Here's my addition. You know your an avid gardener when: You go outside in the early a.m. to stare at your plants (for inspiration & to see if anything has grown or bloomed in the 6-8 hours that you were sleeping-ha!) and you start pulling weeds in your pajamas.

North Augusta, ON

When you sneak out late at night to prune your neighbors shrub, by streetlight, cause it's sending out suckers and you feel sorry for it.

Weeding in pajamas! So true, so true!!
"We get going where the plant is growing!" I love it, Laurie!! I do believe that sometimes stealth is called for at time, like 'plant ninjas'. For instanct, when collecting (whoops! I mean 'pruning') a neighbors shrub suckers, it may be necessary to dress all in black and wear little soft shoes. Camo face paint optional.

Buckeye, AZ(Zone 9a)

You run to the store to get milk and come out with a plant and no milk, you get home and you DH voluteers to go get the milk so you don't bring home another plant!

(Zone 7a)

You just got dressed for work. You notice a weed on your way out of the driveway and jump out to pull it. Fifteen minutes later you've gotten yourself dirty again and have to change. AND you're late!

Marysville, WA(Zone 8a)

... when you weed-as-you-go at other people's houses.
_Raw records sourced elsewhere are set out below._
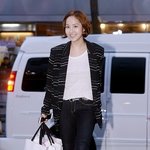 스키니핏 쩌는 박민영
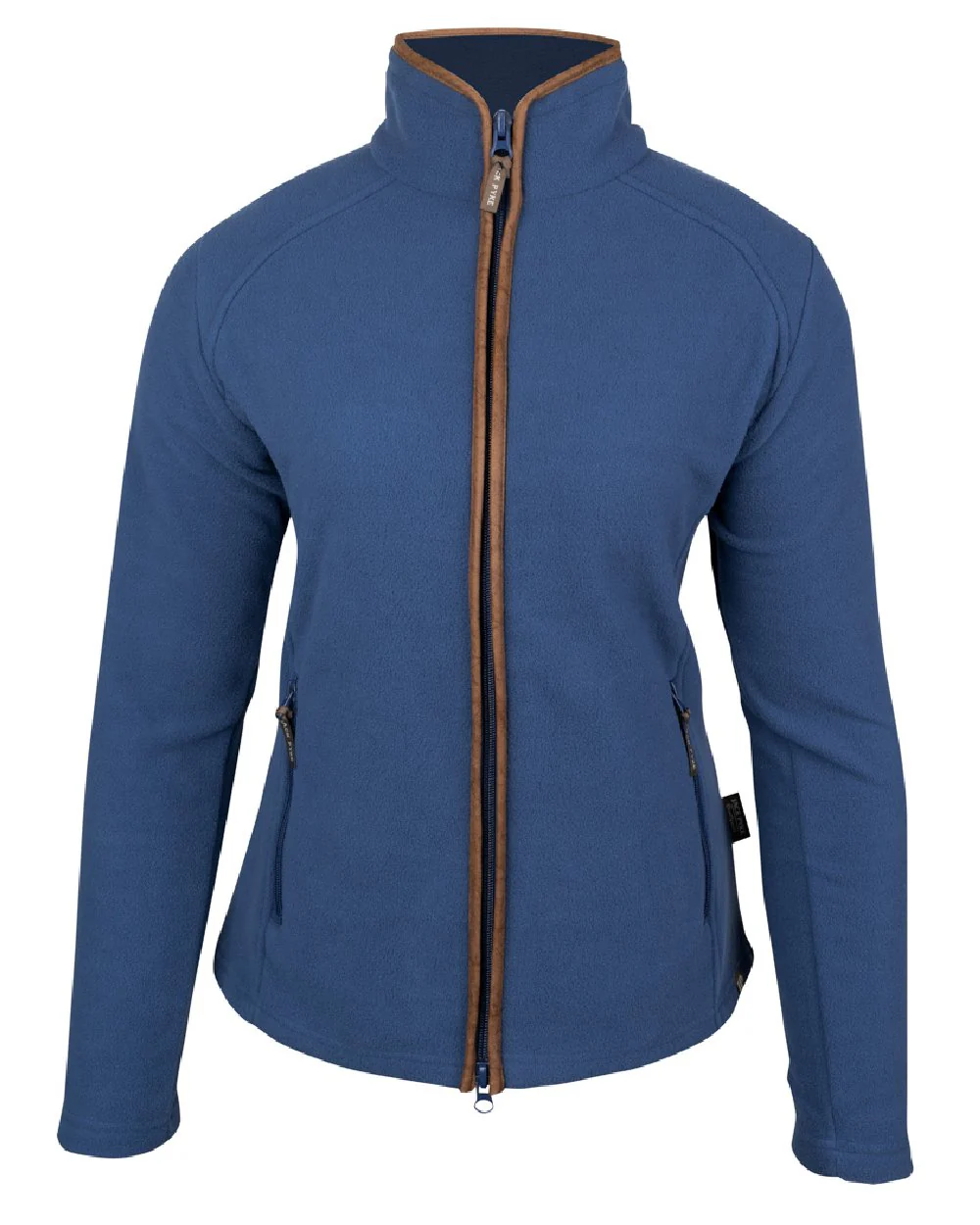 Jack Pyke Ladies Fleece Jacket - Image 5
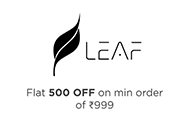Samco Referral Program myntra offer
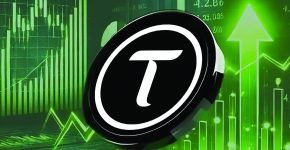 پیش‌بینی رالی بزرگ بیت‌تنسور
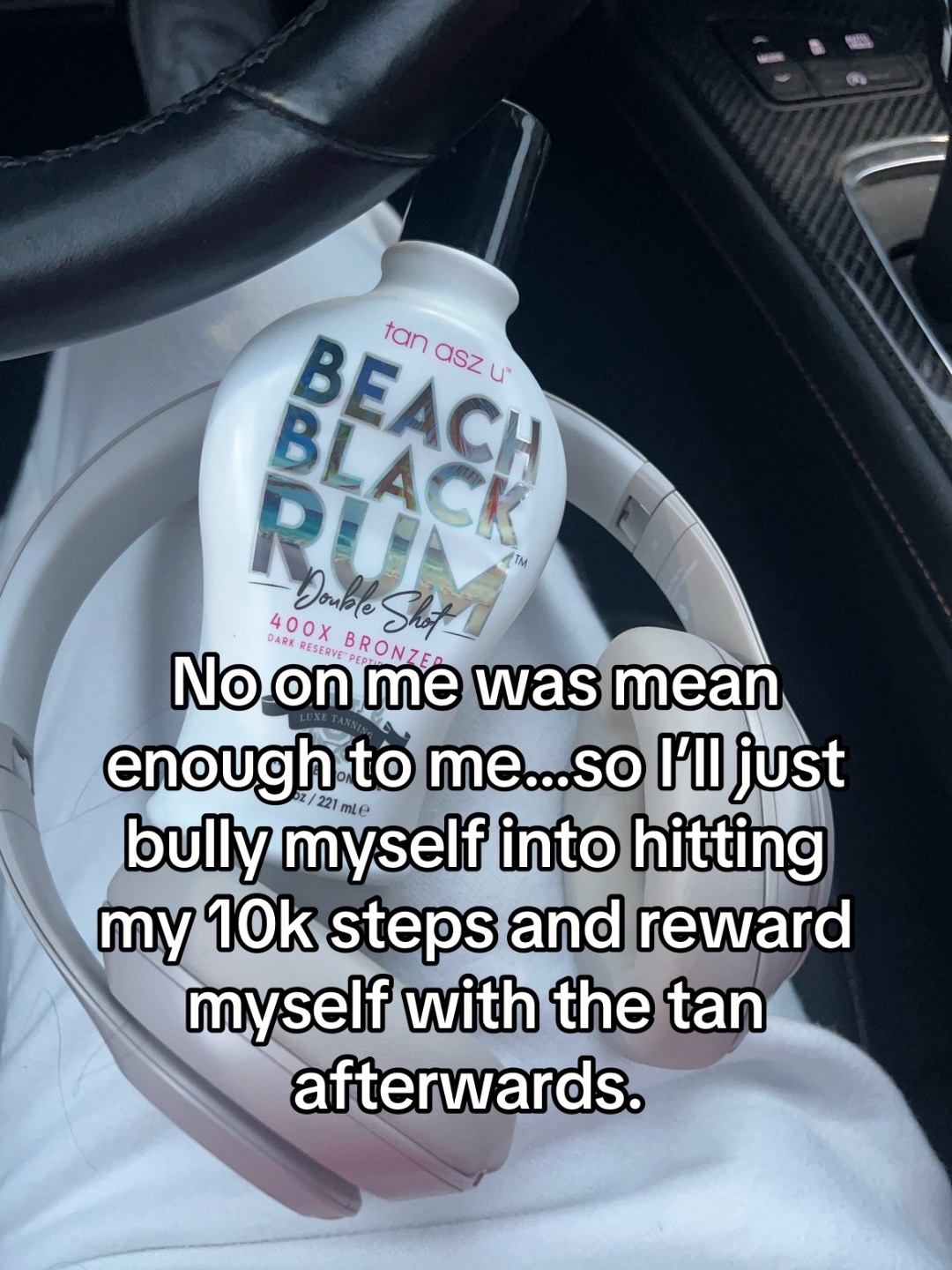 @rechargeyourreason
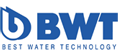 Hersteller BWT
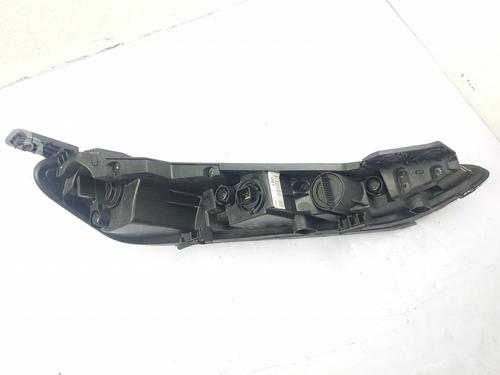 Tagfahrlicht links HYUNDAI KONA (OS, OSE, OSI) 1.0 T-GDi | BP29738039C104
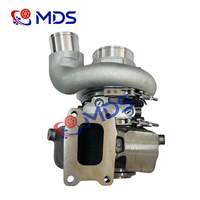 HE300VG Turbo Model 5554226 5640906 5698281 5456365 Turbocharger For Dodge Ram 2500 Diesel
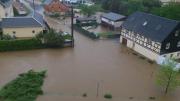 Hochwasser 2013 025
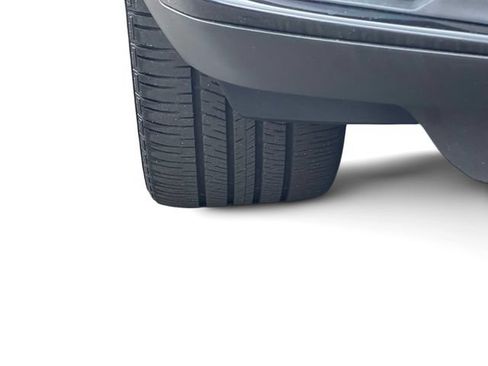 Certified 2023 Acura RDX A-Spec AWD/4WD image 12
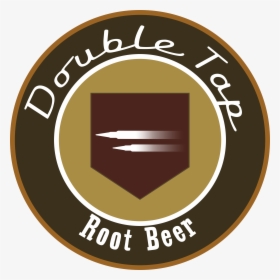Double Tap Perk Logo, HD Png Download, Free Download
... when you have his & her's pruners always by the front door. (I'm dead meat if I touch her pink ones)

... when you have too many tropicals, it's late October and you're out at midnight before the first freeze comes, digging like a madman with those halogens, scaring the neighbors into thinking you're a crazy axmurderer.

(Zone 7a)

You go on vacation and scare the crap out of your friends driving you somewhere with "OH, LOOK AT THAT!!!"